COVIDtests.gov
- Website type: Government services
- Available in: English; Spanish; Chinese;
- Website: covidtests.gov
- Commercial: No
- Registration: No
- Launched: January 14, 2022; 4 years ago
- Current status: Defunct; now redirects to page on whitehouse.gov

= COVIDtests.gov =

Former US government website

COVIDtests.gov was a website through which American residents, as well as those receiving US diplomatic and military mail, could order free COVID-19 rapid antigen tests from the US government.

The site opened on January 18, 2022, a day earlier than announced. The program was suspended in September 2022 to preserve the remaining supply of tests in preparation for a potential winter COVID-19 wave as the Biden administration worked to secure greater COVID-19 funding from Congress; the program was relaunched December 15, 2022. The program was again suspended on May 11, 2023, when the COVID-19 public health emergency was ended in the United States; it was relaunched September 25, 2023, amidst a late summer rise in COVID cases.

In April 2025, the Trump administration entirely erased the site's contents; covidtests.gov and covid.gov now redirect to a page on whitehouse.gov promoting the COVID-19 lab leak theory.

==Overview==
The website was announced by President Joe Biden in December 2021. However, it did not then have a name. On January 12, 2022, a Wednesday, the White House announced the site would be online by the following weekend.

A White House press release announcing the website on January 14 said that 500 million tests would be available when the site went live

The site initially launched with just landing pages in English and Spanish. The English one said:

Every home in the U.S. can soon order 4 free at-⁠home COVID-19 tests. The tests will be completely free—there are no shipping costs, and you don't need to enter a credit card number.

Also on January 14, CBS News wrote: "Tests should ship within seven to 12 days of ordering, the White House says. It's likely take longer than that to reach homes, though." The New York Times said "people are unlikely to receive the free tests until the end of January at the earliest. In some parts of the country, that may be after the peak of the current surge of cases."
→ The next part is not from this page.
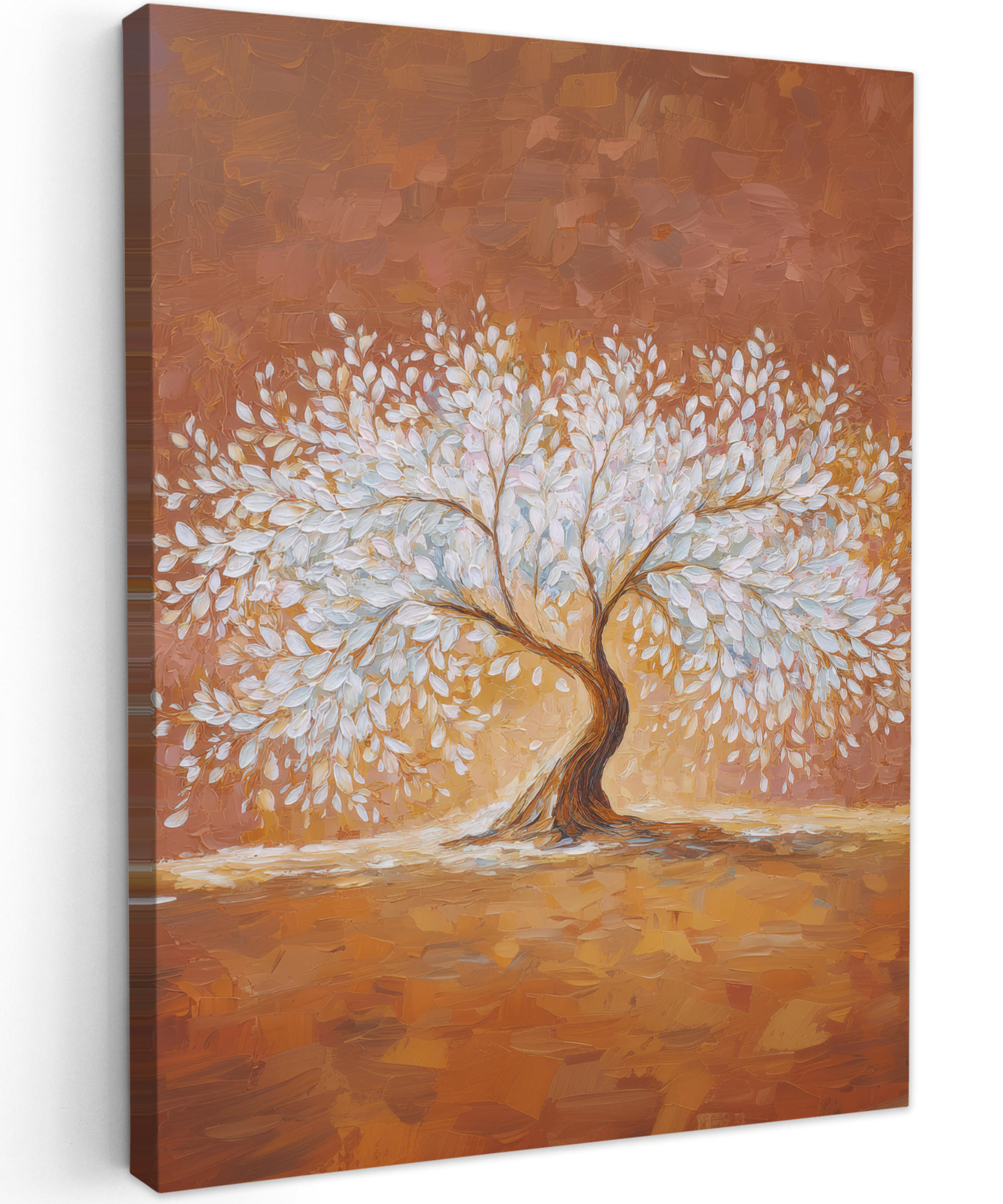 LEINWANDBILD Abstrakt - Baum - Weiß - Blätter Wandbild Wohnzimmer 60x80 cm - Braun, Textil (60/80cm) - MuchoWow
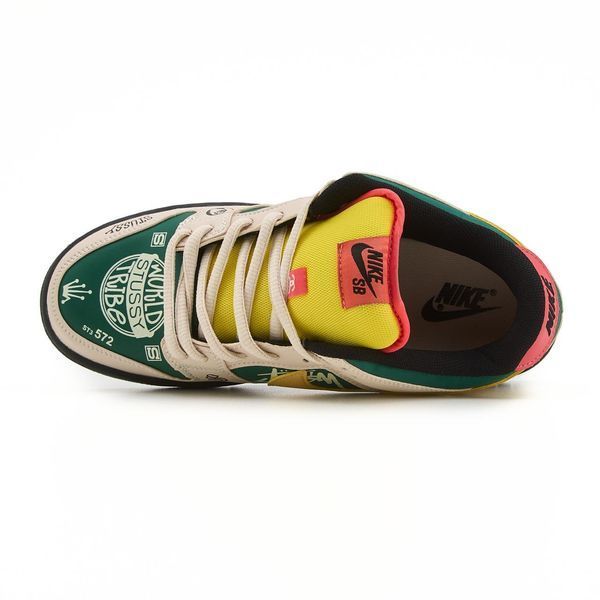Бежеві кросівки унісекс Nike SB Dunk Low Stussy Racer Custom х Дан 38 ALL23539 фото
The site opened for orders a day ahead of schedule, on January 18. At this time, the landing page was updated and expanded. The following message appeared at the top of the English language version:

COVIDtests.gov is up and running early to help prepare for the full launch tomorrow. We have tests for every residential address in the U.S. Please check back tomorrow if you run into any unexpected issues.

At that time, the site said, "Orders will usually ship in 7-12 days."

In March 2022, the Biden administration announced a second round of four free tests available to order, and then in May 2022 a third round of eight free tests was made available to order, bringing the total number of tests a single American household could order up to 16. When the program was relaunched in December 2022, a single American household was only allowed to order 4 free tests; the 16 from before September did not carry over. When the program was again relaunched in September 2023, a single American household similarly was only given the chance to order four free tests; unordered tests from prior periods could not be claimed. However, the Biden administration allowed American households to order four additional tests, in addition to any unclaimed tests from September, on November 20, 2023.

In August 2024, the Biden administration announced plans to relaunch the distribution of free at-home COVID-19 tests at the end of September. This decision was made in response to a summertime increase in COVID-19 cases in over two dozen states and the approaching respiratory virus season in the fall.

In April 2025, the Trump administration entirely erased the site's contents, redirecting it to a page on whitehouse.gov promoting the COVID-19 lab leak theory.

==Use==

COVIDtests.gov sent users to a special order form on the USPS website to order the tests. There, users filled out fields for contact information and shipping information.

COVIDtests.gov also provided information on how the tests work, when to use them, and what to do with the results.

Shortly after the launch, CNN reported that most of their readers who had used COVIDtests.gov had no trouble ordering, but a minority ran into problems. The site also listed phone numbers for ordering tests.